Potemkin growth. Closer examination of first-quarter economic data released Friday in the United States paints a less rosy picture than the headline would suggest. Officially, the U.S. economy grew by an estimated 3.2 percent, a full percentage point higher than growth in the fourth quarter of 2018. Much of the growth came from an inventory buildup and a sharp fall in imports, both of which are signs of weak domestic demand. And, in fact, consumer spending grew by only 1.2 percent, less than half the rate of growth in the previous quarter. Analysts at Goldman Sachs cut their forecast of second-quarter growth by 0.5 percent, to 2.2 percent. Morgan Stanley went much further, projecting growth of just 1.1 percent in the period from April to June.

Russia goes with the flow. Following talks with Belarusian, Ukrainian and Polish officials in Minsk, Russian Deputy Prime Minister Dmitry Kozak said Russian oil supplies would start flowing again through the Druzhba pipeline in two weeks.
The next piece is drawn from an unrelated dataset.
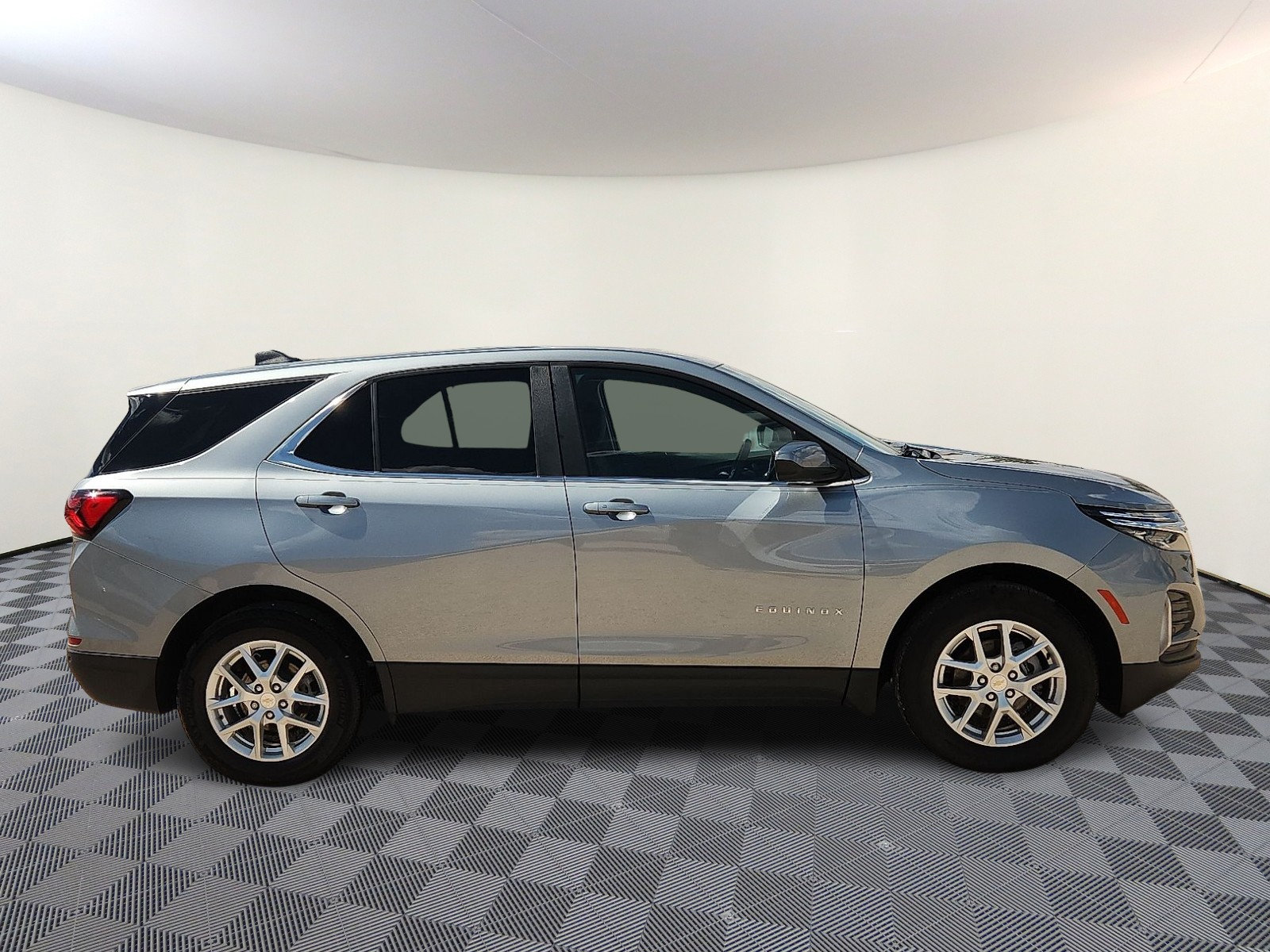 Used 2024 Chevrolet Equinox LT w/ LPO, Floor Liner Package FWD image 5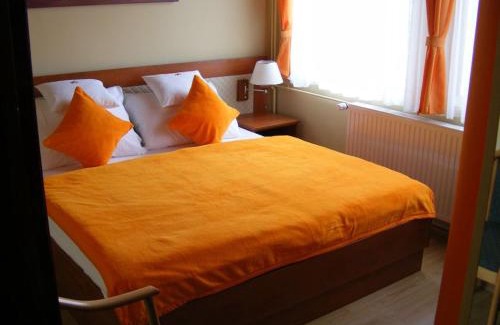Siofok Aranypart Bed & Breakfast | Hermina Panzió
A spokesman for Transneft, Russia’s state-owned pipeline company, said Friday that the contamination that led to the suspension of supplies – high levels of organic chloride, which can severely corrode refinery equipment, were detected last week – may have been deliberate. In the meantime, Moscow’s challenge is figuring out how to divert the more than 1 million barrels per day of oil that would normally go through the Druzhba pipeline. Russia’s RIA news agency reported on Friday that Russian Railways had discussed transporting it on as many as 5,000 rail tankers. Crude oil accounted for almost 29 percent of the value of all Russian exports in 2018, and Europe is by far the biggest export market for Russian crude.

One Belt, One Road, 28 policies. Germany’s economy minister suggested on Friday that Germany, France, Spain and the U.K. wanted to sign a memorandum of understanding on China’s Belt and Road Initiative as a bloc, not as individual states. But an unnamed European Union official was quick to shoot down the idea, telling Euractiv that the EU’s stance on BRI was unchanged. Member states may decide on their own to sign up – as Italy did last month – but they remain bound by EU rules and regulations. Besides Italy, 13 other EU states (Bulgaria, Croatia, Czech Republic, Estonia, Hungary, Greece, Latvia, Lithuania, Malta, Poland, Portugal, Slovakia and Slovenia) have signed BRI MOUs according to Italy’s ANSA.